From the perspective of a country’s total export volume (Figure 5a), the country with the largest TVWE is Kazakhstan, with an average annual TVWE of 12.3 billion m³; followed by Uzbekistan, with an average annual TVWE volume of 6.8 billion m³; followed by Turkmenistan, Kyrgyzstan, and Tajikistan. The main reason for the difference between these countries is that Kazakhstan and Uzbekistan are both large agricultural countries with large crop cultivation areas. Kyrgyzstan and Tajikistan are both upstream countries with small land areas and complex terrain, the qualities of which are not suitable for the large-scale cultivation of crops.

In addition, the TVWE in Kazakhstan increased year by year, and the TVWE in Uzbekistan decreased year by year. Since Kazakhstan’s cultivated land area increased significantly, but its population did not greatly increase (Figure 1), its TVWE had an increasing trend (Tan et al., 2018). The decrease in TVWE for Uzbekistan was due to a rapid population growth of about 47%. In addition, Uzbekistan is committed to giving priority to improving the living standards of its people (Zhu, 2012).

From the perspective of export types (Figure 5b), the largest TVWE is for cereals and feeds, and is increasing. The average annual TVWE of cereals and feeds reaches 17.9 billion m³; followed by that of non-edible agricultural raw materials, mainly cotton lint and cotton linter at 9.5 billion m³. However, from 1992 to 2006, the TVWE of non-edible agricultural raw materials was the greatest, followed by that of grain, mainly because Central Asian countries predominantly planted cotton. During the study period, the Central Asian countries have adjusted the proportion of wheat and cotton planting, reducing the cultivation of cotton and increasing the planting area of wheat, potatoes, and fruits and vegetables, which is conducive to soil improvement and self-recovery. Therefore, the TVWE of cereals and feeds continued to grow, while the TVWE of non-edible agricultural raw materials declined. In addition, the crops exported in large quantities were rough processed crops, such as wheats, tomatoes, wool, and unmanufactured tobacco. Therefore, the production and processing technologies in Central Asia need to be improved. Only after improvement can Central Asia, which is short of water resources, realize sustainable development.

The virtual water volume of agriculture in Central Asia is currently in an overall trade surplus (Figure 6), and the average annual TVWNE is about 9 billion m³. Among the five Central Asian countries, the virtual water trade of agricultural products in Kazakhstan was in a net export state, with an average annual TVWNE of 8.1 billion m³ during the study period. Therefore, Kazakhstan has greatly increased the average annual TVWNE of Central Asia, which has exacerbated the shortage of water resources of Central Asia to a large extent. In recent years, the TVWNEs of all the countries, except Kazakhstan, have decreased year by year, maintaining a net import status. However, this still cannot make up for the loss of water resources caused by Kazakhstan’s excessive exports.

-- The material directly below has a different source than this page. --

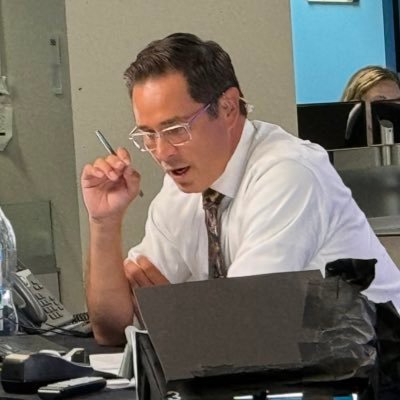 Rob Elgas on X: "The following is a statement from Chris Bastardi ...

Therefore, against the background of shrinking Aral Sea lake and rising food consumption, Central Asia is still a region with a net export of water resources; this affects the sustainable development of the region, exacerbating its attendant ecological crisis (Zhai et al., 2018).

This paper calculates and analyzes changes in Central Asia’s agricultural TVWP, TVWI, and TVWE from the perspective of virtual water. The conclusions are as follows:

(1) After the disintegration of the Soviet Union, some countries were independent, which resulted in a rapid decline in agricultural TVWP in Central Asia from 1992 to 1998. With an increasing population and improvement in economic conditions, the TVWP of agriculture increased gradually after 1998. Among the five Central Asian countries, Uzbekistan and Kazakhstan consumed the largest amount of virtual water for agriculture. In addition, the categories with the most obvious increase in TVWP in Central Asia were cereals, fruits, vegetables and nuts, oils, and livestock products, which reflects the improving quality of life in Central Asia.

(2) From 1992 to 2016, the TVWI volume of agriculture in Central Asia exceeded the TVWE for only three years. In addition, the total TVWE of rice in the 25 years reached 850,000 tons, totaling 1.4 billion m³ of virtual water. This will definitely aggravate the water shortage in Central Asia. However, in recent years, the TVWE volume of agriculture has gradually decreased.

(3) In terms of export trade, the five Central Asian countries must strengthen their cooperation, achieve regional integrated development, and build a risk-prevention mechanism of trade to avoid food crises and water crises.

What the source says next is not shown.